Rebuilding On “An Eye For An Eye”
During the 7 months after the slaughter at Tres Castillos, Nana took care of his exhausted, discouraged, bewildered, and frightened people and began to rebuild a fighting force in the safety of the Sierra Madre.
As most of those who are reading this are White-Eyes, a brief detour will help in understanding the motives that drive the actions that are about to unfold. As I pointed out, revenge is a primary Apache ethical value. This is more than personal spite. When someone kills an Apache, their universe is out of balance until the perpetrator is killed. Moreover, it is perfectly acceptable that if an Apache cannot kill the actual perpetrator, he should kill his relatives or people of the same band.

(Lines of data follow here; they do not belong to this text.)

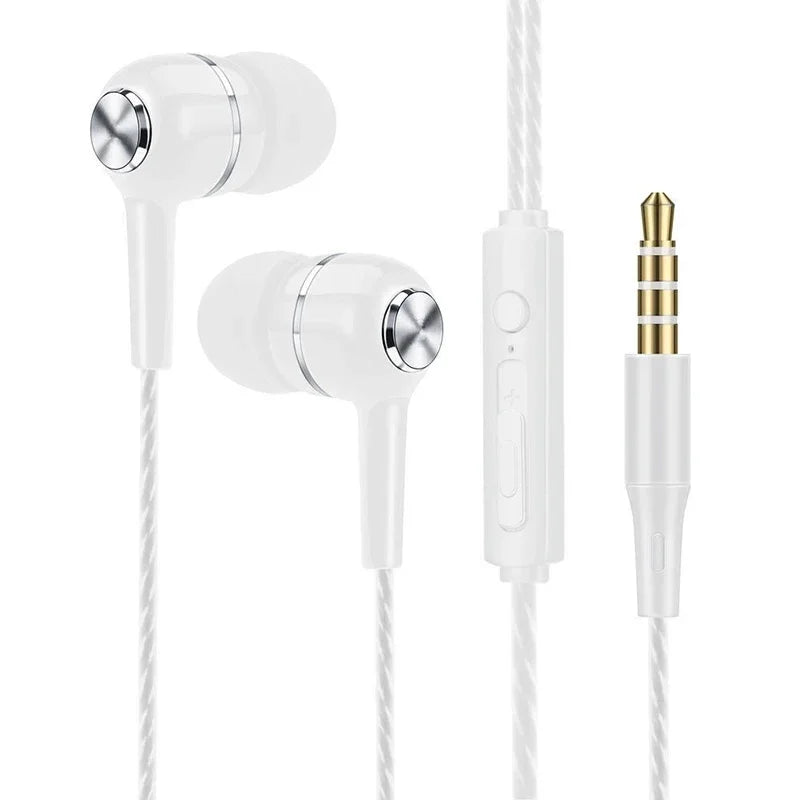 3.5mm Wired Headphones In Ear Headset Wired Earphones with Microphone Bass HiFi Stereo Earbuds Sports In-line Control For Phones Oasis Select White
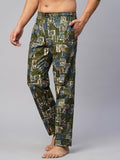 Men's Printed, Multicolor, Cotton, Regular Fit, Elasticated, Waistband, Pyjama  With Side Pockets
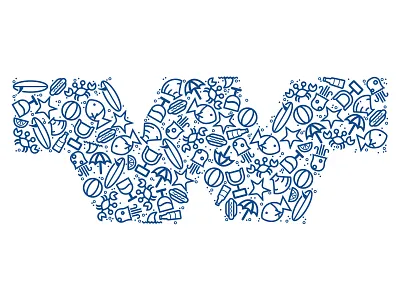 Weekapaug, RI beach fish icon logo mosaic ocean rhode island surf weekapaug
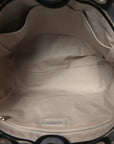 Striped Canvas Small Deauville Tote Dark Grey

Kaywaykla explained, “Ussen had not commanded that we love our enemies. Nana did not love his enemies; and he was not content with an eye for an eye, nor a life for a life. For every Apache killed, he took many lives.”
From their sanctuary in the Sierra Madre, Nana and his warriors took long forays in search of anything they could use to survive and fight: horses, mules, cattle, guns, ammunition mainly. They even dared return to Ojo Caliente, now deserted by the Army, and for two days, luxuriated in the warm, healing waters on their ancestral homeland.

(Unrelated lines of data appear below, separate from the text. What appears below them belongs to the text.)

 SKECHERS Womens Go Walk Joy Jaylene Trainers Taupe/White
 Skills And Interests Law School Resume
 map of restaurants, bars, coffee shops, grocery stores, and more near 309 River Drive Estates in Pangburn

Unlike the other great chiefs, Mangas Coloradas, Cochise, and Victorio, Nana’s party was not hindered by women and children. They were left in the safety of the Sierra Madre. Initially, Nana led 15 Chihenne warriors. Eventually, he recruited 30-40 more warriors from the Mescalero Apache Reservation. The Army was powerless to stop him.
By the end of June 1881, Nana had enough horses and weapons to launch what has come to be known as Nana’s Raid. To quote David Roberts, author of the excellent book, Once They Moved Like The Wind:
“Of all the extraordinary deeds of war ever performed by the Chiricahuas, this was arguably the most brilliant. The summary statistics only hint at the intensity and perfection of Nana’s wild campaign. In two months, the chief and some fifteen warriors rode three thousand miles – an average of fifty miles a day. They fought seven serious battles with cavalry, winning every one, and attacked more than a dozen towns and ranches. With one thousand soldiers and another three to four hundred civilians chasing them, the warriors escaped every trap. During those two months, they killed at least thirty-five of their enemy, wounded many more, and captured more than two hundred horses and mules. Their casualties are uncertain, but not a single dead or wounded Apache was found by any of the pursuing horde. All this, with a handful of warriors under the leadership of a lame-footed chief some seventy-five years old.”
By late August 1881, Nana’s Raid was over. He and his warriors slipped back into Mexico and their high, impenetrable Sierra Madre sanctuary. Apparently, Nana’s thirst for revenge had been satiated for now. However, he and his warriors would fight again in Geronimo’s War.
During the two months of Nana’s Raid, the U.S. Cavalry never caught Nana or his warriors, even though they fought the old man directly at least seven times. But once they had escaped into Mexico, the Americans gave up and hoped the Mexicans would deal with them as they had Victorio.
Nana & Geronimo: A Very Volatile Mix
It was not long before Nana joined forces with Geronimo and continued fighting the Americans and Mexicans for another two years. In 1883, Nana was captured in a surprise attack by General Crook’s soldiers and sent to San Carlos, the seat of most Apache grievances.
Later he would escape and fight with Geronimo until the last days of resistance. Nearly all Chiricahuas, including Chief Nana, Chief Naiche, Shaman/Warrior Geronimo and the Apache scouts who had run them to ground, were shipped to Florida as prisoners of war, never to return to their ancestral homelands in New Mexico and Arizona.